23 de jan. de 2011

Cantando pela serra do luar

Ferreira Gullar
NA ABERTURA da exposição comemorativa de meus 80 anos, no Museu Nacional de Belas Artes, no Rio, fui surpreendido por um coral de jovens estudantes que, postado na escadaria, à entrada do museu, começou a cantar "O Trenzinho do Caipira". Após o primeiro momento de espanto, passei a cantar com eles, baixinho, claro, pois não desejava ser ouvido; é que não resisti ao impulso de participar daquele momento.
    Não havia ali, a meu ver, um homenageado e, sim, uma encantada confraternização.
    Mas, por incrível que pareça, enquanto cantava e me confundia com as demais pessoas ali presentes, veio-me uma constatação: a do contraste entre aquele momento e o outro, distante 40 anos, quando pus letra na tocata da "Bachiana nº 2", de Villa-Lobos.
    Muita gente conhece a história do "Poema Sujo", escrito por mim em Buenos Aires, em 1975, mas o que constatei, de súbito, nesse momento de confraternização, foi o contraste entre a alegria de agora e o desamparo em que me encontrava naquele apartamento da avenida Honorio Pueyrredón, certo de que o mundo desabava sobre minha cabeça.

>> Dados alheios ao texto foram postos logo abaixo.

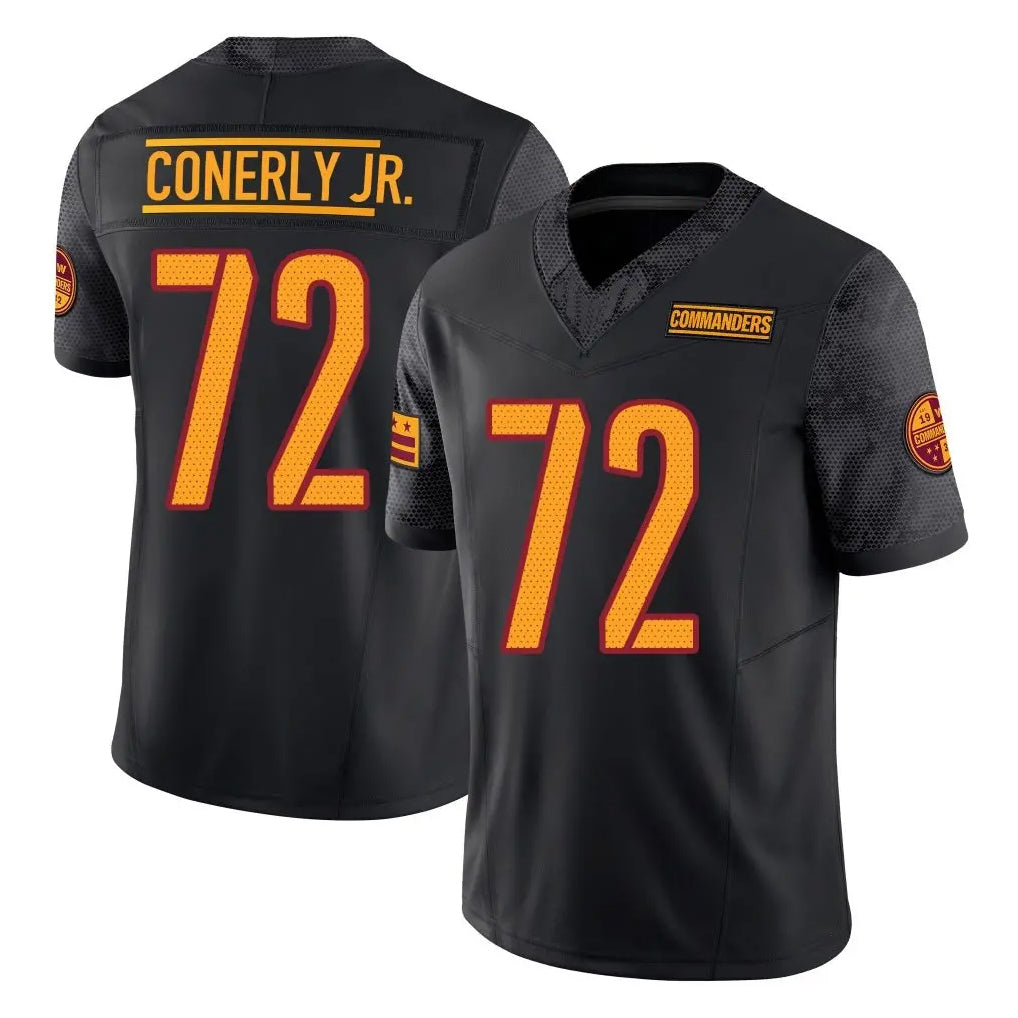 Tlead W.Commanders #72 Josh Conerly Jr. Player Black Limited Vapor F.U.S.E. Home Game Stitched Jerseys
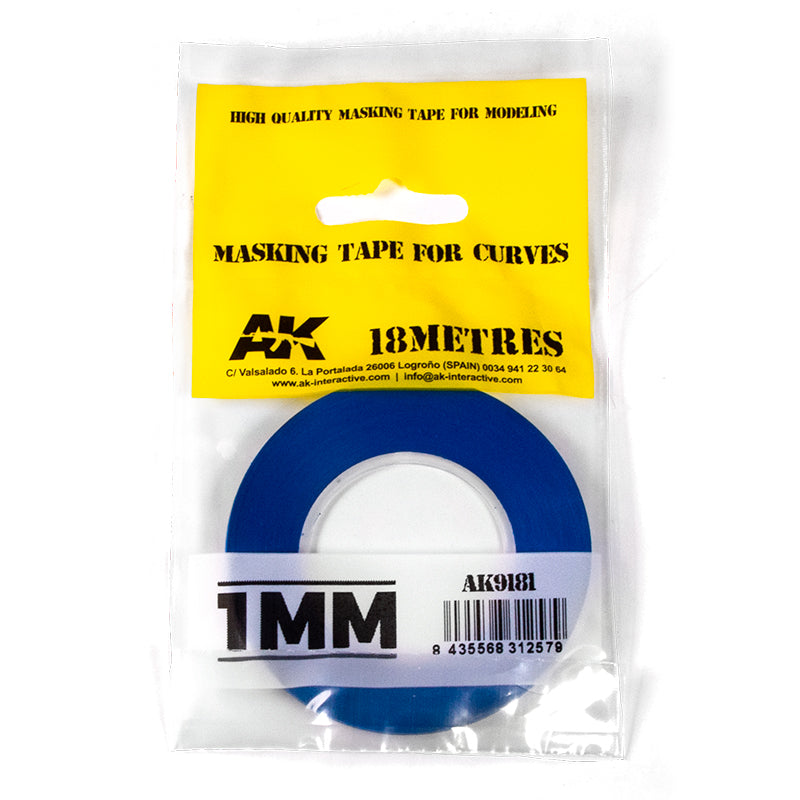 AK 1mm blue masking tape for modeling curves -  18m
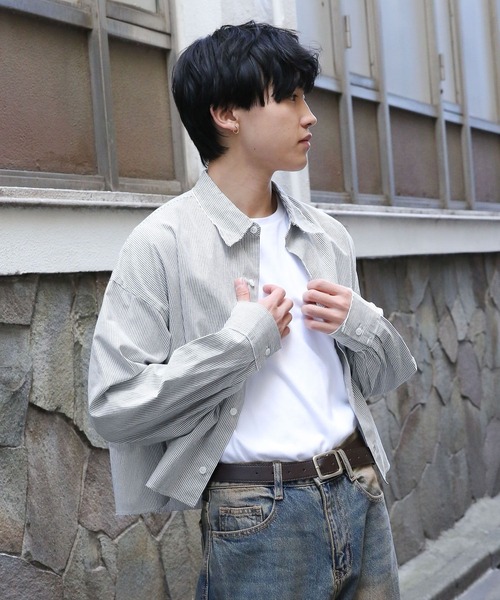 ALAND(エーランド)の「3.3 Field Trip/ショートストライプシャツ 2117898(シャツ/ブラウス・メンズ・グレー/ライトブルー・FREE)」の8枚目の写真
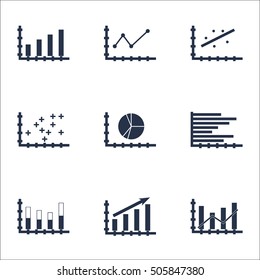 Set Of Graphs, Diagrams And Statistics Icons. Premium Quality Symbol Collection. Icons Can Be Used For Web, App And UI Design. Vector Illustration, EPS10.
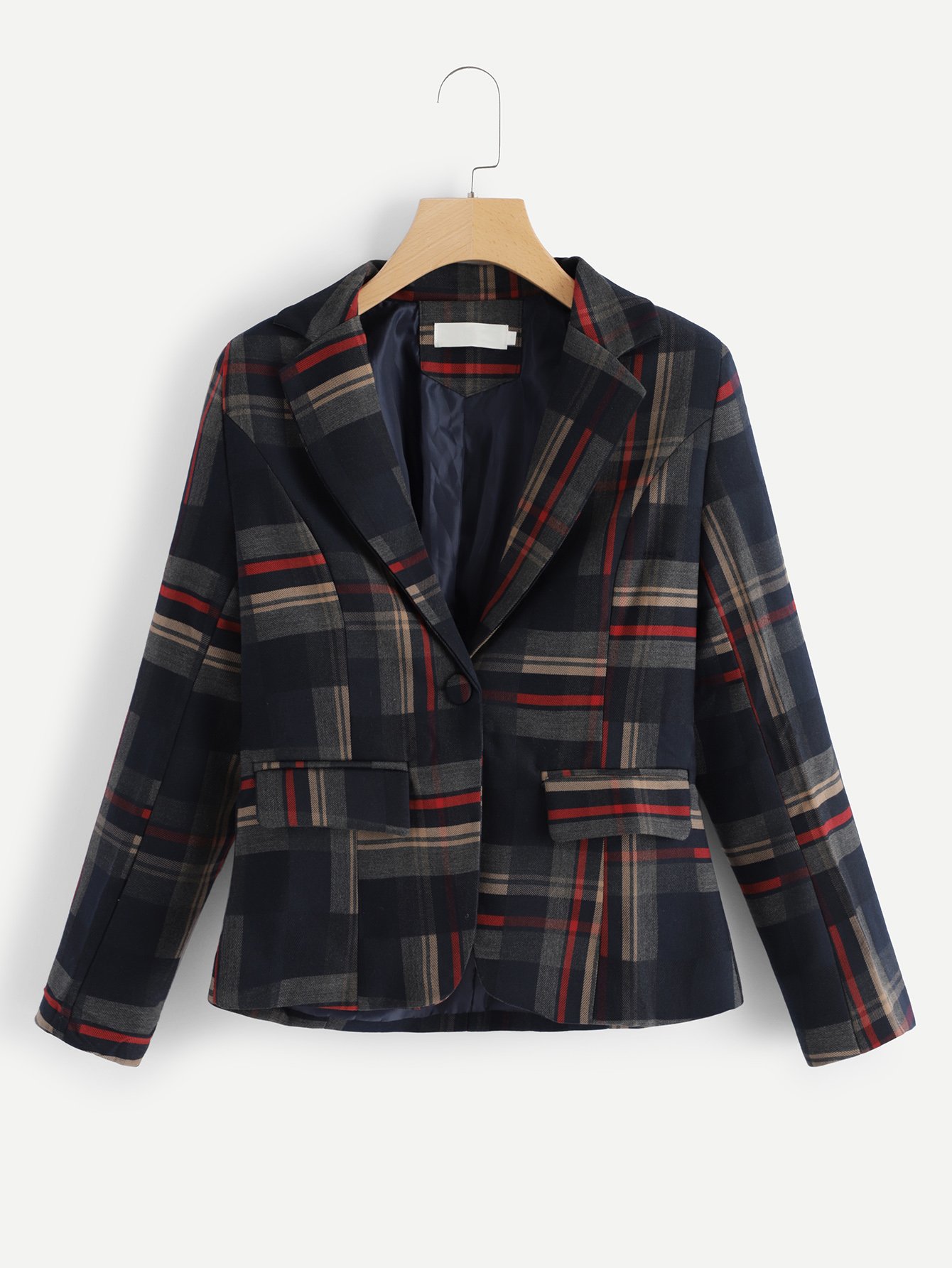 Geometric Single Button Blazer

    Não pretendo me valer desse pretexto para falar de mim mesmo ou do "Poema Sujo", de que a letra do "Trenzinho" é parte. Não é isso. A surpresa me arrebatou, ali, à entrada do museu, diante daqueles meninos e meninas que o cantavam, reacendendo, inesperadamente, em mim, a manhã de maio de 1975, quando, como quem faz a última coisa possível, escrevia aquele poema que, mal sabia eu, iria tornar-se o mais conhecido e traduzido dentre os tantos que escrevi na vida.
    Assim foi que, subitamente, estou de volta àquele momento. Estou desgastado e ferido pelos anos de exílio, pelas perdas, pelas decepções e derrotas. A família, os amigos, o Rio de Janeiro, com suas praias e montanhas lilases, estão fora de meu alcance, e não me conformo com isso. É que, então, ali, era apenas um poeta às voltas com um poema que inventava -a única alegria possível.
    Agora, em 2010, diante do coral, no hall de entrada do MNBA, o tempo se abre como um abismo e me suga e me atira, outra vez, para 40 anos atrás, naquele instante esvaído no curso da vida, mas que a cantiga do coral me traz de volta, sem que ninguém ali o perceba, cantando que estão ou encantados com o canto, senão eu que, não obstante, continuo a cantar com eles.
    O presente é canto vibrante mas, dentro dele, estou eu-outrora, diante da máquina de escrever Lettera 22, inventando o "Poema Sujo". E é nesse momento do poema, quando lembro das viagens de trem que fazia com meu pai, que a "Bachiana nº 2" invade o quarto (a "Bachiana" que, quando ouvi pela primeira vez, me fez lembrar daquelas viagens e que agora, ao contrário, vem trazida pela lembrança delas). E a letra que, durante 20 anos, tentara escrever, sem o conseguir, escrevo-a então em menos de 20 minutos:
"Lá vai o trem com o menino
Lá vai a vida a rodar
Lá vai ciranda e destino
Cidade e noite a girar."
    A mesma letra que ouço agora na voz dos garotos, nesse começo de noite em dezembro de 2010. Sim, a mesma, mas outra, pois a que ouvia, escrevendo-a, era quase silêncio, murmúrio que se juntava à melodia de Villa-Lobos tocando na vitrola. E me pergunto, agora, quando escrevo esta crônica, de que afinal somos feitos, se de matéria ou de memória. Mas, veja bem, memória não é passado? Ou não é? Tendo a pensar, fora da lógica aparente, que tudo é presente, todo o vivido, só que, em geral, estamos ocupados demais com o agora para nos darmos conta disso.
    De qualquer modo, não poderia nunca imaginar, naquela manhã distante, que aquele murmúrio se tornaria canção, que aqueles versos um dia seriam um canto público na voz de meninos e meninas do meu país, décadas depois, numa noite de alegria e comemoração, quando o que foi sofrimento e desespero se apagou para sempre, pois a própria vida, na sua alquimia, os mudou em festa.
"Lá vai o trem sem destino
Pro dia novo encontrar
Cantando vai pela terra, vai pela serra, vai pelo mar."